The bad harvests would have provided the occasion to return to it. Thus, Bishop Russell’s reference to the evils of enclosure, the first evidence that the Crown was taking the problem seriously, was made in the year following the exceptionally bad harvest and high prices of 1482.74 That harvest turned a localized problem caused by particular changes in farming practice in the Midlands into an issue of national proportions, or so, at least, it seemed to an increasing number of people. Rous’s rhetoric, with its talk of scarcity and h
igh prices and a countryside overrun with animals, made a good deal of sense. More importantly, it suggested a course of action. One could not legislate against bad harvests, but one could against enclosure. Thus, when bad harvests returned in 1511-13, so did more enclosure legislation. Still, legislation is one thing, but a nation-wide inquiry followed by sustained government action through the law courts is another – and perhaps it is at this point that Wolsey himself may begin to put in more of an appearance!

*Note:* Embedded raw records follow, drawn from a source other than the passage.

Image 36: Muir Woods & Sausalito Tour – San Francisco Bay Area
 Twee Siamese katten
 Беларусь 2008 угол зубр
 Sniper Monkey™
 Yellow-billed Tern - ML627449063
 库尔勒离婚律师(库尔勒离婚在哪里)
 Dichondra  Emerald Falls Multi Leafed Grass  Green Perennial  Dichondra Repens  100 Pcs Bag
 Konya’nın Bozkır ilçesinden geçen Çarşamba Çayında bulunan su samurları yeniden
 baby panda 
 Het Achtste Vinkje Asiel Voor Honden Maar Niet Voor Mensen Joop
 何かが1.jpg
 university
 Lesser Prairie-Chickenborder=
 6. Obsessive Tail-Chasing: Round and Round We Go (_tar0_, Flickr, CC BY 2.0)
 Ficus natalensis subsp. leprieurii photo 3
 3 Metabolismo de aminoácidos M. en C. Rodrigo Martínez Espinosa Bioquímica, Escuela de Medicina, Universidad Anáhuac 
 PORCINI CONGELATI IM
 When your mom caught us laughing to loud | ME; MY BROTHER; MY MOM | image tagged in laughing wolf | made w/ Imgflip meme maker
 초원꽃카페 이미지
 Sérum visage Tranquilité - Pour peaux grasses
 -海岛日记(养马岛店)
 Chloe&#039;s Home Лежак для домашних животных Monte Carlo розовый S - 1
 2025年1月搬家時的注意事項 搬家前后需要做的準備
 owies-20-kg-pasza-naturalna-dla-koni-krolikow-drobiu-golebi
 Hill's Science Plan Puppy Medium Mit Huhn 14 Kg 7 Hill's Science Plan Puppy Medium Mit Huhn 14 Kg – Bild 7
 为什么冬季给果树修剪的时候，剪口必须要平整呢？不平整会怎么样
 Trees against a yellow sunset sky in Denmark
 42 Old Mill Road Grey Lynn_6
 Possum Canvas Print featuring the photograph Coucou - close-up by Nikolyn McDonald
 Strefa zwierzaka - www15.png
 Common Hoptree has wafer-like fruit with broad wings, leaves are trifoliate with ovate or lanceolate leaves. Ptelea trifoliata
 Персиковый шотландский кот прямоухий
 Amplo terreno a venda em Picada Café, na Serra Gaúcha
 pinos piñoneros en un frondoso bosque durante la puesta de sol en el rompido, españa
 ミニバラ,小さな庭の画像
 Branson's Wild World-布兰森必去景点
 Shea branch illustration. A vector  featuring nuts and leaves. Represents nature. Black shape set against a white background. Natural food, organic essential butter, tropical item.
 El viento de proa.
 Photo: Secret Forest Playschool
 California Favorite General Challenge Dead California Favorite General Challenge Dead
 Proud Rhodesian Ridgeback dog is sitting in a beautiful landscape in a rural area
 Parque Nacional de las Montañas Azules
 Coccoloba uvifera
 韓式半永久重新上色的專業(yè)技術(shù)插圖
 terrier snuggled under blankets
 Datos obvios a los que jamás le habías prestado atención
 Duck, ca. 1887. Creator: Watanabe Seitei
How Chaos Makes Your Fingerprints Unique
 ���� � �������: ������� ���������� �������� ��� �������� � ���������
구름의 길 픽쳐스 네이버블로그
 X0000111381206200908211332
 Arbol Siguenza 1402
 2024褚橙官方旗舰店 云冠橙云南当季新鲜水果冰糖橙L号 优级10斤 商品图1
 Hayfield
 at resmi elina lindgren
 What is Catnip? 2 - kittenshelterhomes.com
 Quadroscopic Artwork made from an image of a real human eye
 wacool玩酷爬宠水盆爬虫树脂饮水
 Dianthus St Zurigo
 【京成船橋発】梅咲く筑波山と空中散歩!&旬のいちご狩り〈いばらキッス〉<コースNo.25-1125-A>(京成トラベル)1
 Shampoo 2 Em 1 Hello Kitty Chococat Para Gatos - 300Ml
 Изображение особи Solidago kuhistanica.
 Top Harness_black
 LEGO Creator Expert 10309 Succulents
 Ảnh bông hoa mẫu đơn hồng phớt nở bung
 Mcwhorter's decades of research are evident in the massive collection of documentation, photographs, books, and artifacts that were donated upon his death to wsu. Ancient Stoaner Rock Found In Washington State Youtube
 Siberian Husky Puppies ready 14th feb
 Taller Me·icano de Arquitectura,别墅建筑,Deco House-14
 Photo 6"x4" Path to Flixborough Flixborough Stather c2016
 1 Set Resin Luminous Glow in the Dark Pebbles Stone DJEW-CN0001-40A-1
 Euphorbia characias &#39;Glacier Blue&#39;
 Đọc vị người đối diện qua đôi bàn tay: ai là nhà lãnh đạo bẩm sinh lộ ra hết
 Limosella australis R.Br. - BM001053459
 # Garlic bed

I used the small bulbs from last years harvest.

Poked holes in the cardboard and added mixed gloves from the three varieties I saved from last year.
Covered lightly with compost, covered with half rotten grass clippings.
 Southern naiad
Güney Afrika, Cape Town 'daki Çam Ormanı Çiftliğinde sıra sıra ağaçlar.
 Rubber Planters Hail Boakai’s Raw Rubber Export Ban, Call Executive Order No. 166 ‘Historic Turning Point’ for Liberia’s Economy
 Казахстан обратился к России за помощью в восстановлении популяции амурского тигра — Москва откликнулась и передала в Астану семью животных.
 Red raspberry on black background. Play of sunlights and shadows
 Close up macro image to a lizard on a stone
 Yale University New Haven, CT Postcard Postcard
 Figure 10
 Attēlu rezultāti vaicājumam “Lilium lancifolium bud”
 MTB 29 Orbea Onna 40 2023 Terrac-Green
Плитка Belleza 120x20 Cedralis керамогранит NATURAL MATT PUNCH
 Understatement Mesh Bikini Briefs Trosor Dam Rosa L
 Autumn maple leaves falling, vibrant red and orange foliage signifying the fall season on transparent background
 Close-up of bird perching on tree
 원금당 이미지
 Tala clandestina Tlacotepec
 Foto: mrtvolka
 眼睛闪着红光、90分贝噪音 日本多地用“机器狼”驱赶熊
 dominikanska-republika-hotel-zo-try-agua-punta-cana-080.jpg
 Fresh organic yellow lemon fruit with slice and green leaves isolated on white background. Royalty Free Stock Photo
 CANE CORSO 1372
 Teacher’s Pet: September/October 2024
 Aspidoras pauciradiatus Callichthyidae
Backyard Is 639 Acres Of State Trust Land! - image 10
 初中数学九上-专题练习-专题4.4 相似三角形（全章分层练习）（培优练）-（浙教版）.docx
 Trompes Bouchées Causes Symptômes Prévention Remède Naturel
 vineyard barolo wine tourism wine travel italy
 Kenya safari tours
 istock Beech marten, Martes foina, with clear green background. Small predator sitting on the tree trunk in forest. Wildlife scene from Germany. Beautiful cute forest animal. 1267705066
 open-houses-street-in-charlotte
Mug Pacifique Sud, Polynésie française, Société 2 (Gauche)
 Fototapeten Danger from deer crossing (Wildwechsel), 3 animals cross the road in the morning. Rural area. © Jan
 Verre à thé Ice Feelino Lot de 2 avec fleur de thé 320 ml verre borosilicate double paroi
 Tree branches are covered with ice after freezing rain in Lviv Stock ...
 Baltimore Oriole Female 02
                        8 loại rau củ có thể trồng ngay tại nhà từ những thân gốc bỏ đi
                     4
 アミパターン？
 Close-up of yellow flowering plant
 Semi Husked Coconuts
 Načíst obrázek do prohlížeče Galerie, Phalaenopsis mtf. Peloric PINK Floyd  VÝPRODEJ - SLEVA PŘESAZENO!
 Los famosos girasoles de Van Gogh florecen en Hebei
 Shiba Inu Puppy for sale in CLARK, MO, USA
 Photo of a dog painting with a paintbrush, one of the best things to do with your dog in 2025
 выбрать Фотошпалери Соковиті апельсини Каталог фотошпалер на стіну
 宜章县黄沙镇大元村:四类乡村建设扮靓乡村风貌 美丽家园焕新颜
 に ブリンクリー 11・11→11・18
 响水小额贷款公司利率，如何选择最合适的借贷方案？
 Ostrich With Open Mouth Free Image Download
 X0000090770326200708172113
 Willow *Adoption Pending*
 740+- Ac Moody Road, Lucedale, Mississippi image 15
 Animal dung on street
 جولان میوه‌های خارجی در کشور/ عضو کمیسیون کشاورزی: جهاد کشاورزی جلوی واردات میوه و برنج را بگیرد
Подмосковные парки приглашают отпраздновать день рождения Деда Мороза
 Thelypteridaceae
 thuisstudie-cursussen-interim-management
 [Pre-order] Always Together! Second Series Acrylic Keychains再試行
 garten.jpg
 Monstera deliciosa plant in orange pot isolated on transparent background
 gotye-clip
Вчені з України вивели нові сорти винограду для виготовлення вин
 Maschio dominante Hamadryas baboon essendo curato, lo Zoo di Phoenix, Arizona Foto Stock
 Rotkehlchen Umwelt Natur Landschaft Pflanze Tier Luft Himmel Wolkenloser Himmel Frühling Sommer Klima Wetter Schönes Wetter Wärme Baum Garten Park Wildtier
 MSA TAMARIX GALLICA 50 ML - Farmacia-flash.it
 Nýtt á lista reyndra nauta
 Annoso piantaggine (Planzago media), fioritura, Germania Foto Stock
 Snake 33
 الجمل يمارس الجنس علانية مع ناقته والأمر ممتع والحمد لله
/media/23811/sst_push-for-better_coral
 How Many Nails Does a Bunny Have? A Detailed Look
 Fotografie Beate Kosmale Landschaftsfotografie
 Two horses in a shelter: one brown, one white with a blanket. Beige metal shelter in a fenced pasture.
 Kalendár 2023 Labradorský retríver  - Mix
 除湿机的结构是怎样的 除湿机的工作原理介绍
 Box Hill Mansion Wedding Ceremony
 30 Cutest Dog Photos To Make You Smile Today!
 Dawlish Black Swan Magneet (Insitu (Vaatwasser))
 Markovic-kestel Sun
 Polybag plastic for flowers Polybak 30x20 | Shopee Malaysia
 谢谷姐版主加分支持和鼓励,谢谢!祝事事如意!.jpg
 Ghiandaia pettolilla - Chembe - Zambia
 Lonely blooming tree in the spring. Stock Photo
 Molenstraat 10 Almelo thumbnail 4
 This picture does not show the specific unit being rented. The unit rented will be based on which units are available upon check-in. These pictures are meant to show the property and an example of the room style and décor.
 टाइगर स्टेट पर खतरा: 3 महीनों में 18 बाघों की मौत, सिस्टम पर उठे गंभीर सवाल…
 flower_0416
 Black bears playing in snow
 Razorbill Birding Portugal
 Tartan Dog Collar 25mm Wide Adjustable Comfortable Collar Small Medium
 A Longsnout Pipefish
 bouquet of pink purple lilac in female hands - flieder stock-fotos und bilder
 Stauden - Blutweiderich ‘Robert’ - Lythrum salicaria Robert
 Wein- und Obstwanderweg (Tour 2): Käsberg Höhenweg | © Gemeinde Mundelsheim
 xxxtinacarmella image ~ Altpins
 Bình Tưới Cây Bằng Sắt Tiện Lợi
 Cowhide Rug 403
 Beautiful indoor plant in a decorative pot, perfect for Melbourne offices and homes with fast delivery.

The notion that in explaining events it is not so much the circumstances as people’s changing perception of them that needs to be taken into account is better understood now than it used to be. In the context of enclosures it has obvious attractions since it provides another explanation for the overreaction of Tudor government to a very limited problem. The new sensitivities of humanists such as More or ‘commonwealth men’ such as Hugh Latimer would not tolerate a level of social distress that had been accepted in the late fifteenth century – or so the argument runs – and such men were now in a position to influence government action.75 There is, admittedly, something worrying about a view that posits an ever-increasing sensitivity amongst the English ruling classes. Medieval man was quite capable of recognizing a social evil and, as the works of Langland and Chaucer show, he was even capable of writing about them! And to quote a historian of medieval responses to poverty, ‘a modern textbook on sociology will pose few fundamental problems that did not arise in one form or another in the theological Summa of Aquinas or in the canonistic Commentaria of Hostiensis’.76 At the same time there are always objections to be made against any kind of label, and historians have spilt an enormous amount of ink in trying to decide whether the subspecies ‘humanist’ ever existed. What is undeniable, however, is that from his intellectual and literary luggage More was able to fashion an attack on enclosure. Someone who shared some of the luggage is that other royal councillor of the 1520s whose views on enclosure have survived, John Longland. What about Wolsey? Or, to put it another way, has humanism got anything to do with his approach to enclosure?